Tucker stalled Tag with an open-palm motion that told him to stay put, then gulped down half a glass of milk.

“You’d best slow down, cowboy. It wouldn’t do to have two medical emergencies in one day.”

This from the sweetly smiling outlaw with the innocent brown eyes and the busy foot.

“No need to hurry,” she added with an indulgent smile. “You can take all night if you want to—there’s enough to satisfy even you.”

If he could have talked, he’d have sworn at her. If he could have moved, he’d have strangled her. As it was, he could only cut her a warning glare—which she responded to by batting her eyes and pressing her inquisitive little foot more snugly against his fly. He did some responding of his own by growing harder and fuller as the little hellion’s curling toes and the double meaning of her seemingly innocent words hummed on the air between them.

“I’m glad to hear that,” he countered, finally finding his voice and deciding two could play this game. “Because I find I’ve worked up one heck of an appetite. And as hungry as I am right now, satisfying it just might take all night.”

He had the pleasure of seeing her redden beneath that cheeky little smile as she picked up on his thinly veiled meaning. His pleasure intensified, then turned to triumph when she started drawing her adventurous foot away.

He stopped her retreat with a hand on her ankle and a smile as innocuous as the ones she’d been flashing him. Then he tugged her foot back against him.

“This is really good, Sara,” Lana said, oblivious of the game-playing going on under the table.

“Yeah,” Tucker added, pressing her foot deeper into his heat, then stroking her bare arch with his thumb until she squirmed.
“Real
good.”

“G-glad you like it.” She shot him a look that pleaded with him to cut her some slack. “It... it really wasn’t any trouble. I was happy to do it.”

He wasn’t about to let up on her. His eyes danced to hers, his brow arched, challenging, mocking and superior. “Amazing. An accommodating woman. The world could use a few more, right, Tag?” he asked with a male- to-male grin, taking a page from her book and reading it to her.

He knew he was pushing it when the heat in her cheeks radiated to the tips of her pretty ears. The dangerous glint in her eyes was a warning of worse to come.
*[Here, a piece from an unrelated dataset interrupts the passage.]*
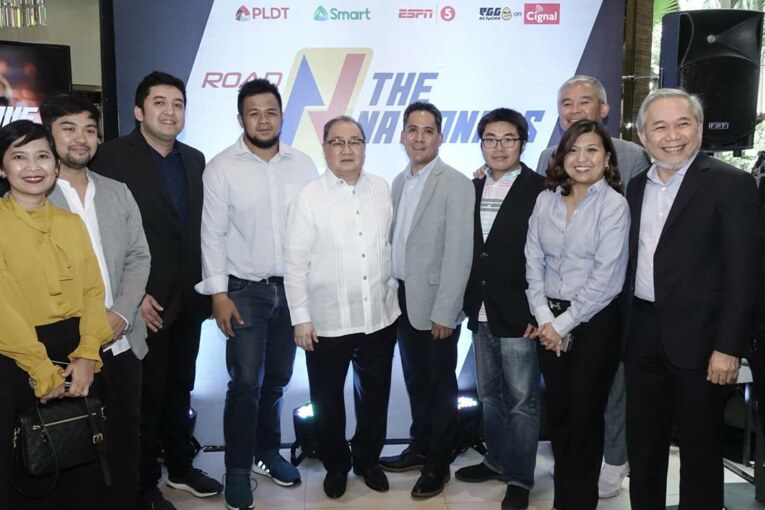 Biggest Philippine Esports movers and makers unite, await POC accreditation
When the soft pressure of her foot turned abruptly into a hard, twisting grind that seemed to say,
Accommodate this, cowboy!
he opted for the wisdom of letting go.

He carefully lifted her foot from his lap and released it when she jerked it back under her chair.

“So what do you think, babe?” Tag asked Lana as he pushed back from the table. “Time to get you back to bed?”

“I’m not an invalid,” Lana protested with a patient smile.

“But you are fighting an infection,” Sara reminded her. “At the risk of sounding patronizing, even though you’re feeling better, you really do need to rest. I can handle the dishes. Cody, too, if you want me to watch him tonight.”

“You’ve done enough,” Tag said. “The little guy’s about to fall asleep in his mashed potatoes, anyway. Besides ...” He leaned down, reached under the table and, with a knowing grin, handed Sara her discarded sandal, “I think you’ve got enough to keep you busy tonight.”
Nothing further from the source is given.